(Beginning of Data listing)

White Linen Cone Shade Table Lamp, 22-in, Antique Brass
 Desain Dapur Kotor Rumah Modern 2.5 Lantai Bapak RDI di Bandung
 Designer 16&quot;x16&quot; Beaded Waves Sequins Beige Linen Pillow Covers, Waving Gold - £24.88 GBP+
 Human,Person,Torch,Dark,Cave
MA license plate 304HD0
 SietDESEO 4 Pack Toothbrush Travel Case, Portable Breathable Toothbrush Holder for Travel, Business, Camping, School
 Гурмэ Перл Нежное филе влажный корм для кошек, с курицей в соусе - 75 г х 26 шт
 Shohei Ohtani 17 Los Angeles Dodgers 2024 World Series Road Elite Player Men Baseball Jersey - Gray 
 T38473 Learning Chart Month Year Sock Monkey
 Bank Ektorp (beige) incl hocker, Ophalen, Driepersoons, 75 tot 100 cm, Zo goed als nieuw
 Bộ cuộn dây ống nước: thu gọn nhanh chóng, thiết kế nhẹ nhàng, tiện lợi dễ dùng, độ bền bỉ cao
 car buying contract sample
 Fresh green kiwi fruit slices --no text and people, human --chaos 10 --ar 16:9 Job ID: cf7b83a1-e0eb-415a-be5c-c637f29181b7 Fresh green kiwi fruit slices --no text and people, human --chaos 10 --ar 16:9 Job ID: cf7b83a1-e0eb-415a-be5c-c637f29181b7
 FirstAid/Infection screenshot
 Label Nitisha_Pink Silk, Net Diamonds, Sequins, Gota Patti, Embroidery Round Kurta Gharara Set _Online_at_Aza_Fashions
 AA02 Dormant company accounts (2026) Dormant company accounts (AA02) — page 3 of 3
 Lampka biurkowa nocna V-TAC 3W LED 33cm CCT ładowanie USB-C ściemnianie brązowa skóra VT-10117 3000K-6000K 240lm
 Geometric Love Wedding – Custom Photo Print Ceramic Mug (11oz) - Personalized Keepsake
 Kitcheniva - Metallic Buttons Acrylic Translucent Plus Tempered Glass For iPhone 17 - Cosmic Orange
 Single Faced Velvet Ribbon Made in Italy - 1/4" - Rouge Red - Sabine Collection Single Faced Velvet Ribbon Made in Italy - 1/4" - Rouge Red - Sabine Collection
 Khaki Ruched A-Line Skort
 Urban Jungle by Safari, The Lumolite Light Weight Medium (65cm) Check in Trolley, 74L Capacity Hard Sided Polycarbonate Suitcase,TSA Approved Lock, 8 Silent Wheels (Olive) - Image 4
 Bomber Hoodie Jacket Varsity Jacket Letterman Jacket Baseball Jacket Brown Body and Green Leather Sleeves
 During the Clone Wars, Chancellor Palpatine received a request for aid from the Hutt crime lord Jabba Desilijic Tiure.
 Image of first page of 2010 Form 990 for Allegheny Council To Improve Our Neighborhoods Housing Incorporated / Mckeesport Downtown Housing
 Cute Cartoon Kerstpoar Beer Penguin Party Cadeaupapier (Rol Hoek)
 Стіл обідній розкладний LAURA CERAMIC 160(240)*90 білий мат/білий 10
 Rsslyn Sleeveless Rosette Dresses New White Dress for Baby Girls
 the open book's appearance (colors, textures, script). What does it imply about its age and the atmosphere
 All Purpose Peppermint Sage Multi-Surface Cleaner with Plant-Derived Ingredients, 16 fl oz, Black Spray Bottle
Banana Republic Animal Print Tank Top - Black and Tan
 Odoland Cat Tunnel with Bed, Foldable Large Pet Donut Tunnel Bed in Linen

(End of Data listing)

= Task brief =
Restate the data in full so that no line differs from the original.

= Expected answer =
White Linen Cone Shade Table Lamp, 22-in, Antique Brass
 Desain Dapur Kotor Rumah Modern 2.5 Lantai Bapak RDI di Bandung
 Designer 16&quot;x16&quot; Beaded Waves Sequins Beige Linen Pillow Covers, Waving Gold - £24.88 GBP+
 Human,Person,Torch,Dark,Cave
MA license plate 304HD0
 SietDESEO 4 Pack Toothbrush Travel Case, Portable Breathable Toothbrush Holder for Travel, Business, Camping, School
 Гурмэ Перл Нежное филе влажный корм для кошек, с курицей в соусе - 75 г х 26 шт
 Shohei Ohtani 17 Los Angeles Dodgers 2024 World Series Road Elite Player Men Baseball Jersey - Gray 
 T38473 Learning Chart Month Year Sock Monkey
 Bank Ektorp (beige) incl hocker, Ophalen, Driepersoons, 75 tot 100 cm, Zo goed als nieuw
 Bộ cuộn dây ống nước: thu gọn nhanh chóng, thiết kế nhẹ nhàng, tiện lợi dễ dùng, độ bền bỉ cao
 car buying contract sample
 Fresh green kiwi fruit slices --no text and people, human --chaos 10 --ar 16:9 Job ID: cf7b83a1-e0eb-415a-be5c-c637f29181b7 Fresh green kiwi fruit slices --no text and people, human --chaos 10 --ar 16:9 Job ID: cf7b83a1-e0eb-415a-be5c-c637f29181b7
 FirstAid/Infection screenshot
 Label Nitisha_Pink Silk, Net Diamonds, Sequins, Gota Patti, Embroidery Round Kurta Gharara Set _Online_at_Aza_Fashions
 AA02 Dormant company accounts (2026) Dormant company accounts (AA02) — page 3 of 3
 Lampka biurkowa nocna V-TAC 3W LED 33cm CCT ładowanie USB-C ściemnianie brązowa skóra VT-10117 3000K-6000K 240lm
 Geometric Love Wedding – Custom Photo Print Ceramic Mug (11oz) - Personalized Keepsake
 Kitcheniva - Metallic Buttons Acrylic Translucent Plus Tempered Glass For iPhone 17 - Cosmic Orange
 Single Faced Velvet Ribbon Made in Italy - 1/4" - Rouge Red - Sabine Collection Single Faced Velvet Ribbon Made in Italy - 1/4" - Rouge Red - Sabine Collection
 Khaki Ruched A-Line Skort
 Urban Jungle by Safari, The Lumolite Light Weight Medium (65cm) Check in Trolley, 74L Capacity Hard Sided Polycarbonate Suitcase,TSA Approved Lock, 8 Silent Wheels (Olive) - Image 4
 Bomber Hoodie Jacket Varsity Jacket Letterman Jacket Baseball Jacket Brown Body and Green Leather Sleeves
 During the Clone Wars, Chancellor Palpatine received a request for aid from the Hutt crime lord Jabba Desilijic Tiure.
 Image of first page of 2010 Form 990 for Allegheny Council To Improve Our Neighborhoods Housing Incorporated / Mckeesport Downtown Housing
 Cute Cartoon Kerstpoar Beer Penguin Party Cadeaupapier (Rol Hoek)
 Стіл обідній розкладний LAURA CERAMIC 160(240)*90 білий мат/білий 10
 Rsslyn Sleeveless Rosette Dresses New White Dress for Baby Girls
 the open book's appearance (colors, textures, script). What does it imply about its age and the atmosphere
 All Purpose Peppermint Sage Multi-Surface Cleaner with Plant-Derived Ingredients, 16 fl oz, Black Spray Bottle
Banana Republic Animal Print Tank Top - Black and Tan
 Odoland Cat Tunnel with Bed, Foldable Large Pet Donut Tunnel Bed in Linen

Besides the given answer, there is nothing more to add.